少し前まではこの時間でも凍てつくような風が吹き荒れていたのですが最近はそうでもありません。
ちょうど極楽鳥人のテルミピッピが遊びに来た、あの日からでしょうか、日中の寒さが見るからに和らいで参った次第でございます。
それに比例するかのように、冒険者組合にも外部からの方々がお見えになられはじめた次第なんです。
吟遊詩人のミリーネアさんは、そういった冒険者の方々からお話をお聞きして、それを歌の題材になさっているのでございます。
その対価といたしまして、ここ居酒屋さわこさんの割引券をお配りするよう提案させていただいております。
こうしてまた、ミリーネアさんが冒険者の方々とお話することが増えて参りますと、居酒屋さわこさんにも新しいお客様がお見えになってくださるかもしれません。
「そう考えますと、なんだか楽しくなってまいりますね」
そんな事を呟きながら、私は仕込み作業をはじめていきました。
すると、
「おはようニャ!」
二階から、ベルが元気な様子で駆け下りてまいりました。
見た目は猫さんなベルですが、本来は古代怪獣族という、私の世界で言いますところのは虫類なんです。

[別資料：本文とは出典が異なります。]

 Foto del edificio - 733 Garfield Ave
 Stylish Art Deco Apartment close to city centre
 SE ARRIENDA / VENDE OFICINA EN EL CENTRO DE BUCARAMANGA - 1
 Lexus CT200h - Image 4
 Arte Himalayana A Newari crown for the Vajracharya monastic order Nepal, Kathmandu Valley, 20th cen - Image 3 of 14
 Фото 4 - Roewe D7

自分で体温調節が出来ないため、体がしっかりと温かくなるまで起き上がれないんですよ。
実際問題といたしまして、下手をすると冬眠モードに入ってしまいかねないわけです。
そうなってしまうと、数ヶ月目を覚まさなくなるとのこと……そうなってしまいますと、さすがに寂しいですものね。
「おはようベル。今日も元気ね!」
そんなベルを、エンジェさんが真っ先に出迎えました。
すっかりベルと仲良しになっているエンジェさん。
手を取り合いながら楽しそうに飛び跳ねている姿もすっかりお馴染みになっています。
いつもですと、お店で出すうどんを踏み踏みしてくれるベルとエンジェさんなのですが、最近は少々様子が違っております。
「さーちゃん、ちょっと遊んでくるニャ!」
「さわこ、行ってくるわね」
そう言って、2人はしっかりと服を着込んでから出かけていきました。
ベルが起きてくると、こうして2人してお出かけしていくことが増えているんです。
時間的にはいつも1時間くらいなのですが……少し気になる感じでございます。
バテアさんの魔法道具のお店の方を、エミリアが切り盛りしていまし、今日はバイトのショコラもお手伝いにきてくれていますので、私が席を外しても大丈夫ですね。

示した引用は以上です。